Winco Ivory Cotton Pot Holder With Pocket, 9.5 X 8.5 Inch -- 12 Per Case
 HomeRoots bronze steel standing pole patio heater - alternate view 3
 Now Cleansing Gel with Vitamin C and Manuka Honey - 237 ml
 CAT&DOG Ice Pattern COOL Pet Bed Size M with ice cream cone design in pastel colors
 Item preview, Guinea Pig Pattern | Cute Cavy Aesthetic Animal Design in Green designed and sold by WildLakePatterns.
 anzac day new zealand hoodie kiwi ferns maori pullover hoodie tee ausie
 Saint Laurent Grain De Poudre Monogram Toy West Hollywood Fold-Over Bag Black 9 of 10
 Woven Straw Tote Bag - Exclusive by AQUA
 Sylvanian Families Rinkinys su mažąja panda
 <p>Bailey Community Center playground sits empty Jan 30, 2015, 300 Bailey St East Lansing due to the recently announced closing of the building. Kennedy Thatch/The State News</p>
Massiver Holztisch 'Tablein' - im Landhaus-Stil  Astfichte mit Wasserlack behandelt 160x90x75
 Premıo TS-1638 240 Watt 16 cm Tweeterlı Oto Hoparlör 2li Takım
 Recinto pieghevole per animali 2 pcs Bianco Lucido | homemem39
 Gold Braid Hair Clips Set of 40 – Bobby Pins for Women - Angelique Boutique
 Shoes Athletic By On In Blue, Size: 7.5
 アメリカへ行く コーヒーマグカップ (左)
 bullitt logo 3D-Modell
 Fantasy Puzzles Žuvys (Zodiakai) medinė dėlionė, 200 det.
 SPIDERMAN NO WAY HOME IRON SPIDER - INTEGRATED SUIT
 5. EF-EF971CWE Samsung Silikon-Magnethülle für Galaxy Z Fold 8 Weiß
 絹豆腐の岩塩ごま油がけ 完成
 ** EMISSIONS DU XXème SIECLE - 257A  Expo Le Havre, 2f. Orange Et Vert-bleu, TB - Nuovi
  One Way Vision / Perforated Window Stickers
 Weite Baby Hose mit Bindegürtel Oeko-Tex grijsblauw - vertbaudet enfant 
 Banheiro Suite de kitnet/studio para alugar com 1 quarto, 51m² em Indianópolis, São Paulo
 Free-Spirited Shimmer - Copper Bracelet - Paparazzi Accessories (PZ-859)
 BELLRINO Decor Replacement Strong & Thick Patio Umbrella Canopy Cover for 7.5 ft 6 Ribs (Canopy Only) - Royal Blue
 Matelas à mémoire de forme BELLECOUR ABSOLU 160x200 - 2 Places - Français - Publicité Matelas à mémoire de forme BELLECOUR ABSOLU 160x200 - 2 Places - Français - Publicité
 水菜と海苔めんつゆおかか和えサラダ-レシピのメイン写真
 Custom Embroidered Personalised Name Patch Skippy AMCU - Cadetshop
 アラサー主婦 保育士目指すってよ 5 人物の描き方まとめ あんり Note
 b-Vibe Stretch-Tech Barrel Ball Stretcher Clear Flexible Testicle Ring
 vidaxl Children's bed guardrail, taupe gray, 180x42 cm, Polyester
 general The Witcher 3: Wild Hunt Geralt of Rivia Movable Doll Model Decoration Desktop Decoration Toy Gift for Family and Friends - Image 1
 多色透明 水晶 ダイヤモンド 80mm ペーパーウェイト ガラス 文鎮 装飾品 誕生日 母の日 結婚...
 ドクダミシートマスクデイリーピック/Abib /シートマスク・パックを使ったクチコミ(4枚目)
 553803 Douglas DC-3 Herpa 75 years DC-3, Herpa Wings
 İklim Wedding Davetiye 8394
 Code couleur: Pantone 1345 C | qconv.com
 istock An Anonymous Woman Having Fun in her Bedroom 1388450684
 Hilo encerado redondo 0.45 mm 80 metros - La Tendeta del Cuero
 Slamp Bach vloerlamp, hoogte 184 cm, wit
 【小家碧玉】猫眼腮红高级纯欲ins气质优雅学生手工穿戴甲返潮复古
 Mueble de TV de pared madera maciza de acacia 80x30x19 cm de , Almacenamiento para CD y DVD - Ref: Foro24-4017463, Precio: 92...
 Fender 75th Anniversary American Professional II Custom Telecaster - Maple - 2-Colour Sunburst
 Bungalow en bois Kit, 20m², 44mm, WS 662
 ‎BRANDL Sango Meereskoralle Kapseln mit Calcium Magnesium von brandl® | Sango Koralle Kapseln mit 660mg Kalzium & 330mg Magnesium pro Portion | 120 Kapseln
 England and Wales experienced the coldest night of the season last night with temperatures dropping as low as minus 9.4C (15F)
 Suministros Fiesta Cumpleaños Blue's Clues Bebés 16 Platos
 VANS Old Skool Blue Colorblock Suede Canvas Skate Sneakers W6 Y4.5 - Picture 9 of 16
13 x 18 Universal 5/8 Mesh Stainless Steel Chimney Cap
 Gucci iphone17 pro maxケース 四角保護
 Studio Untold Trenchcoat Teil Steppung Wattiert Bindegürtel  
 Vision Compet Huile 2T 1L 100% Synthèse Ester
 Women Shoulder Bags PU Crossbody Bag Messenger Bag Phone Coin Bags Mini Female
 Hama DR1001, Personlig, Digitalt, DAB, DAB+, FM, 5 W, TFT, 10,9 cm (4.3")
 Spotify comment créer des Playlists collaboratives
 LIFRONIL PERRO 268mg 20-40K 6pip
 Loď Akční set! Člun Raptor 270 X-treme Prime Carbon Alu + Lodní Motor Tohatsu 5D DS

→ **PROMPT**
Copy every record again, keeping each word unchanged.

→ **RESPONSE TO THE EXERCISE**
Winco Ivory Cotton Pot Holder With Pocket, 9.5 X 8.5 Inch -- 12 Per Case
 HomeRoots bronze steel standing pole patio heater - alternate view 3
 Now Cleansing Gel with Vitamin C and Manuka Honey - 237 ml
 CAT&DOG Ice Pattern COOL Pet Bed Size M with ice cream cone design in pastel colors
 Item preview, Guinea Pig Pattern | Cute Cavy Aesthetic Animal Design in Green designed and sold by WildLakePatterns.
 anzac day new zealand hoodie kiwi ferns maori pullover hoodie tee ausie
 Saint Laurent Grain De Poudre Monogram Toy West Hollywood Fold-Over Bag Black 9 of 10
 Woven Straw Tote Bag - Exclusive by AQUA
 Sylvanian Families Rinkinys su mažąja panda
 <p>Bailey Community Center playground sits empty Jan 30, 2015, 300 Bailey St East Lansing due to the recently announced closing of the building. Kennedy Thatch/The State News</p>
Massiver Holztisch 'Tablein' - im Landhaus-Stil  Astfichte mit Wasserlack behandelt 160x90x75
 Premıo TS-1638 240 Watt 16 cm Tweeterlı Oto Hoparlör 2li Takım
 Recinto pieghevole per animali 2 pcs Bianco Lucido | homemem39
 Gold Braid Hair Clips Set of 40 – Bobby Pins for Women - Angelique Boutique
 Shoes Athletic By On In Blue, Size: 7.5
 アメリカへ行く コーヒーマグカップ (左)
 bullitt logo 3D-Modell
 Fantasy Puzzles Žuvys (Zodiakai) medinė dėlionė, 200 det.
 SPIDERMAN NO WAY HOME IRON SPIDER - INTEGRATED SUIT
 5. EF-EF971CWE Samsung Silikon-Magnethülle für Galaxy Z Fold 8 Weiß
 絹豆腐の岩塩ごま油がけ 完成
 ** EMISSIONS DU XXème SIECLE - 257A  Expo Le Havre, 2f. Orange Et Vert-bleu, TB - Nuovi
  One Way Vision / Perforated Window Stickers
 Weite Baby Hose mit Bindegürtel Oeko-Tex grijsblauw - vertbaudet enfant 
 Banheiro Suite de kitnet/studio para alugar com 1 quarto, 51m² em Indianópolis, São Paulo
 Free-Spirited Shimmer - Copper Bracelet - Paparazzi Accessories (PZ-859)
 BELLRINO Decor Replacement Strong & Thick Patio Umbrella Canopy Cover for 7.5 ft 6 Ribs (Canopy Only) - Royal Blue
 Matelas à mémoire de forme BELLECOUR ABSOLU 160x200 - 2 Places - Français - Publicité Matelas à mémoire de forme BELLECOUR ABSOLU 160x200 - 2 Places - Français - Publicité
 水菜と海苔めんつゆおかか和えサラダ-レシピのメイン写真
 Custom Embroidered Personalised Name Patch Skippy AMCU - Cadetshop
 アラサー主婦 保育士目指すってよ 5 人物の描き方まとめ あんり Note
 b-Vibe Stretch-Tech Barrel Ball Stretcher Clear Flexible Testicle Ring
 vidaxl Children's bed guardrail, taupe gray, 180x42 cm, Polyester
 general The Witcher 3: Wild Hunt Geralt of Rivia Movable Doll Model Decoration Desktop Decoration Toy Gift for Family and Friends - Image 1
 多色透明 水晶 ダイヤモンド 80mm ペーパーウェイト ガラス 文鎮 装飾品 誕生日 母の日 結婚...
 ドクダミシートマスクデイリーピック/Abib /シートマスク・パックを使ったクチコミ(4枚目)
 553803 Douglas DC-3 Herpa 75 years DC-3, Herpa Wings
 İklim Wedding Davetiye 8394
 Code couleur: Pantone 1345 C | qconv.com
 istock An Anonymous Woman Having Fun in her Bedroom 1388450684
 Hilo encerado redondo 0.45 mm 80 metros - La Tendeta del Cuero
 Slamp Bach vloerlamp, hoogte 184 cm, wit
 【小家碧玉】猫眼腮红高级纯欲ins气质优雅学生手工穿戴甲返潮复古
 Mueble de TV de pared madera maciza de acacia 80x30x19 cm de , Almacenamiento para CD y DVD - Ref: Foro24-4017463, Precio: 92...
 Fender 75th Anniversary American Professional II Custom Telecaster - Maple - 2-Colour Sunburst
 Bungalow en bois Kit, 20m², 44mm, WS 662
 ‎BRANDL Sango Meereskoralle Kapseln mit Calcium Magnesium von brandl® | Sango Koralle Kapseln mit 660mg Kalzium & 330mg Magnesium pro Portion | 120 Kapseln
 England and Wales experienced the coldest night of the season last night with temperatures dropping as low as minus 9.4C (15F)
 Suministros Fiesta Cumpleaños Blue's Clues Bebés 16 Platos
 VANS Old Skool Blue Colorblock Suede Canvas Skate Sneakers W6 Y4.5 - Picture 9 of 16
13 x 18 Universal 5/8 Mesh Stainless Steel Chimney Cap
 Gucci iphone17 pro maxケース 四角保護
 Studio Untold Trenchcoat Teil Steppung Wattiert Bindegürtel  
 Vision Compet Huile 2T 1L 100% Synthèse Ester
 Women Shoulder Bags PU Crossbody Bag Messenger Bag Phone Coin Bags Mini Female
 Hama DR1001, Personlig, Digitalt, DAB, DAB+, FM, 5 W, TFT, 10,9 cm (4.3")
 Spotify comment créer des Playlists collaboratives
 LIFRONIL PERRO 268mg 20-40K 6pip
 Loď Akční set! Člun Raptor 270 X-treme Prime Carbon Alu + Lodní Motor Tohatsu 5D DS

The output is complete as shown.